ZeGreenWeb

Interview : la filière forêt-bois au féminin, avec Tiffany Weber (COFORET) et Aude Sourisseau (ONF)

Dans le secteur de la forêt et du bois, les femmes restent souvent sous-représentées, bien que leur présence se renforce progressivement. Tiffany Weber, technicienne forestière, et Aude Sourisseau, géomaticienne, reviennent sur leur parcours et partagent leur vision de leur métier.

Pouvez-vous nous raconter votre parcours professionnel ?
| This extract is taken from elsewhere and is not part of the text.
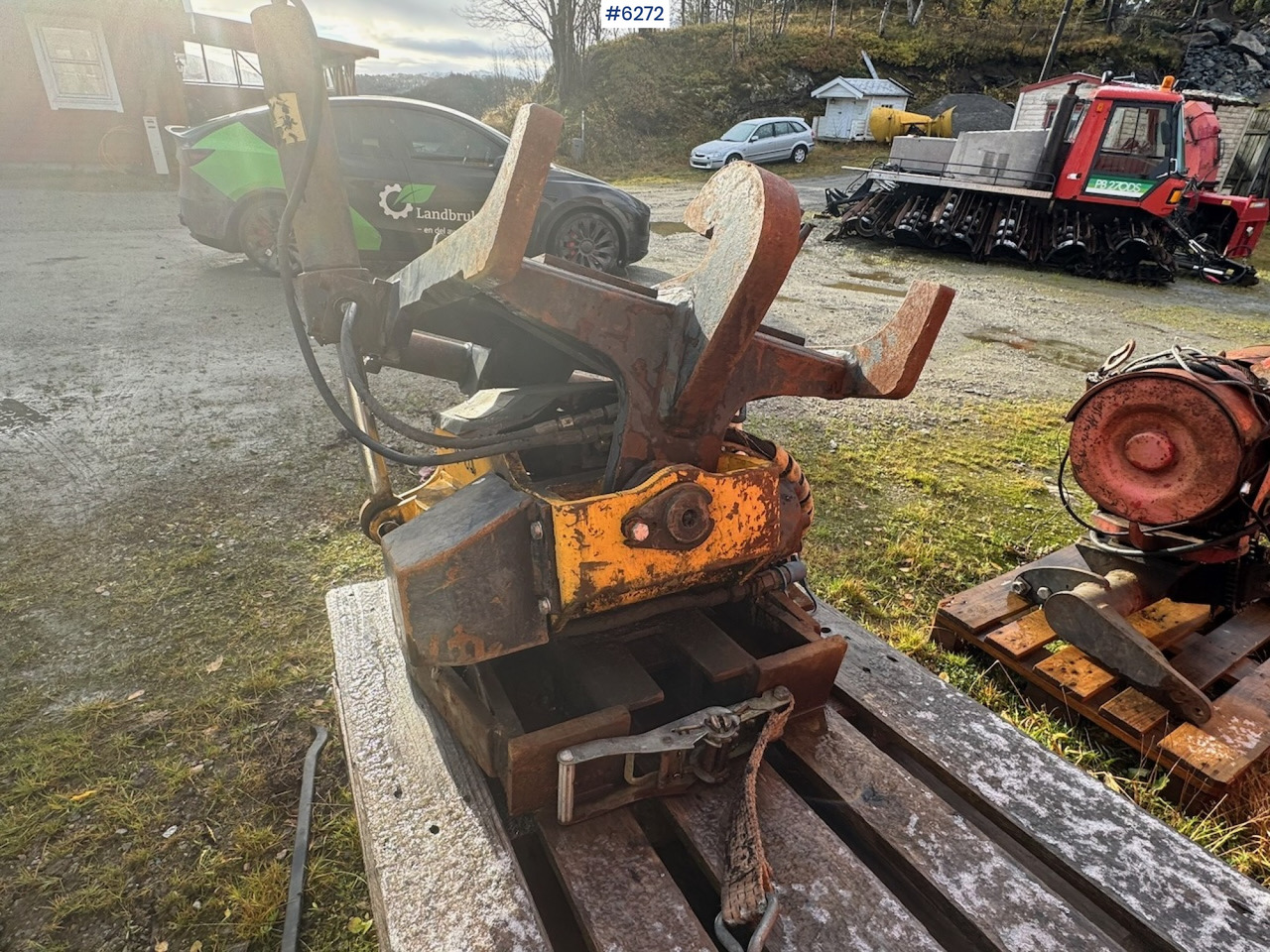 2000 EngCon 20km25 Rotortilt - Тилтротатор: фото 4 2000 EngCon 20km25 Rotortilt - Тилтротатор: фото 4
Tiffany Weber : Je suis technicienne au sein de la coopérative forestière COFORET. Cette coopérative a été fondée à la suite de plusieurs fusions, dont celle de deux groupes de sylviculteurs originaires du Beaujolais. Par la suite, la coopérative a élargi ses territoires d’intervention pour inclure la Loire, la Haute-Loire, le Puy-de-Dôme, ainsi que des régions de Bourgogne-Franche-Comté. J’ai effectué mes études au lycée forestier de Noirétable, où j’ai obtenu un baccalauréat en gestion des milieux naturels et de la faune. Par la suite, j’ai poursuivi ma formation avec un BTS en gestion forestière à Brioude, en Haute-Loire, tout en réalisant mes stages chez COFORET, en collaboration avec des techniciens forestiers spécialisés dans l’exploitation. Ne souhaitant pas continuer vers une licence, j’ai exprimé à COFORET mon désir de m’engager professionnellement à leurs côtés.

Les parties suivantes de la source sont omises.